Senate hearing on recent bank failures happening now. All 3 witnesses are folks I named as architects of OCP2.0https://t.co/xRQ8LONpGA
— nic carter (@nic__carter) March 28, 2023
“Right now, none of the executives who ran these banks into the ground are barred from taking other banking jobs, none have had their compensation clawed back, none have paid any fines,” explained Brown. “Some executives have decamped to Hawaii. Others have already gone on to work for other banks. Some simply wandered off into the sunset.” The chairman of the Senate Banking Committee revealed that he is preparing legislation that will enhance regulators’ capacity to enforce fines and penalties, reclaim bonuses, and prohibit executives who are responsible for bank failures from ever working at another bank again.

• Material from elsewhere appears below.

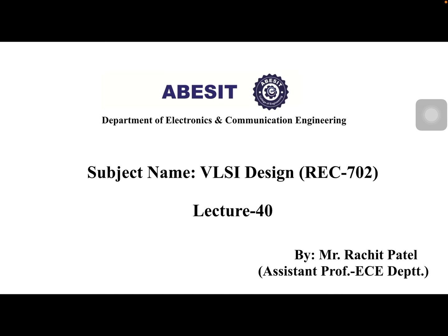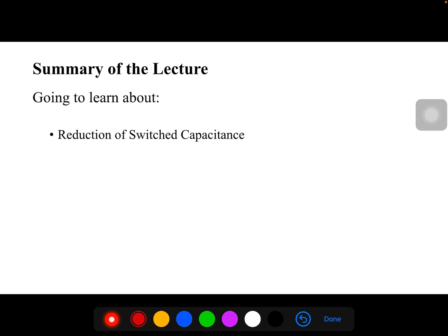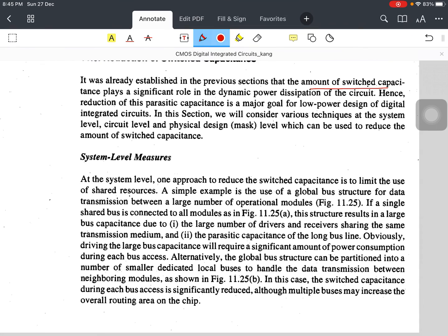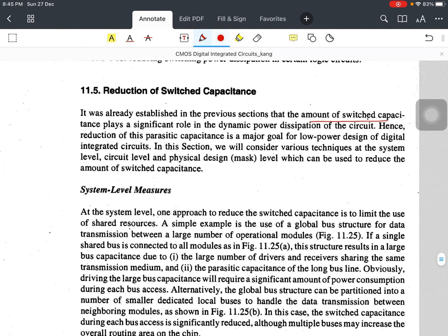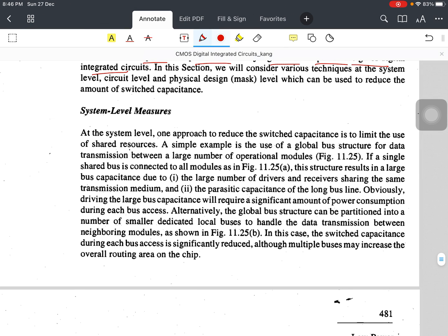Hello students, this is lecture 40 based on the fifth unit for the subject VLSI design. In this lecture we are going to discuss the reduction of switched capacitance. As we know, if we reduce capacitance we can also reduce power consumption. The amount of switched capacitance plays a significant role in the dynamic power dissipation of the circuit, hence the reduction of parasitic capacitance is a major goal of low power design of digital integrated circuits.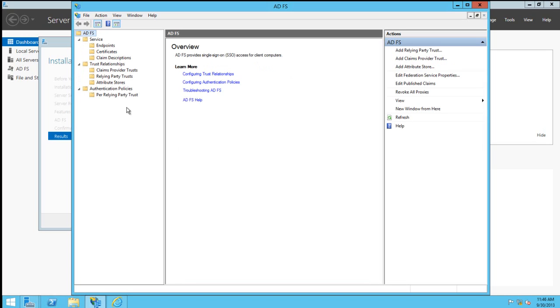To finalize your installation, you'll need to register your Federation Service Name in DNS. I've already registered adfs.contoso.com in my local DNS server.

wow.. Barr tells Senate Banking that SVB told regulators $100b was going to fly out the door on Friday… after $42b fled on Thursday, leading to the bank’s closure. If you don’t think we’re in a new world of potential hyper-speed bank runs, you’re not paying attention.
— Steve Liesman (@steveliesman) March 28, 2023
The FDIC chairman, Gruenberg, discussed the exposure to cryptocurrency businesses in connection to the bank failures. Gruenberg talked about how Silvergate Bank stated that it held “$11.9 billion in digital asset-related deposits” and had “less than 10 percent of total deposits” exposed to FTX. The chairman also mentioned the crypto asset clientele of Signature Bank, as well as the digital currency settlement systems of both Silvergate and Signature. Gruenberg noted that these banks held long Treasuries and were unprepared for the interest rate increases that followed the Covid-19 pandemic.
“A common thread between the collapse of Silvergate Bank and the failure of SVB was the accumulation of losses in the banks’ securities portfolios,” Gruenberg said.
The chairman of the FDIC stated that the situations involving both Signature Bank and Silicon Valley Bank “warrant further extensive examination by both regulators and policymakers.” Michael Barr of the Federal Reserve added that SVB’s downfall was caused by its management’s inability to cope with interest rate adjustments and a bank run. “SVB failed because the bank’s management did not effectively manage its interest rate and liquidity risk, and the bank then suffered a devastating and unexpected run by its uninsured depositors in a period of less than 24 hours,” Barr emphasized.
Barr stressed the importance of developing the current comprehension of banking “in light of evolving technologies and emerging risks.” He stated that the Federal Reserve was “analyzing” recent incidents and variables such as “customer behavior, social media, concentrated and novel business models, rapid growth, deposit runs, interest rate risk, and other factors.” The U.S. central bank representative added that, with all of these new and emerging variables, regulators must reconsider how they supervise and regulate financial institutions in the United States. “And for how we think about financial stability,” Barr concluded.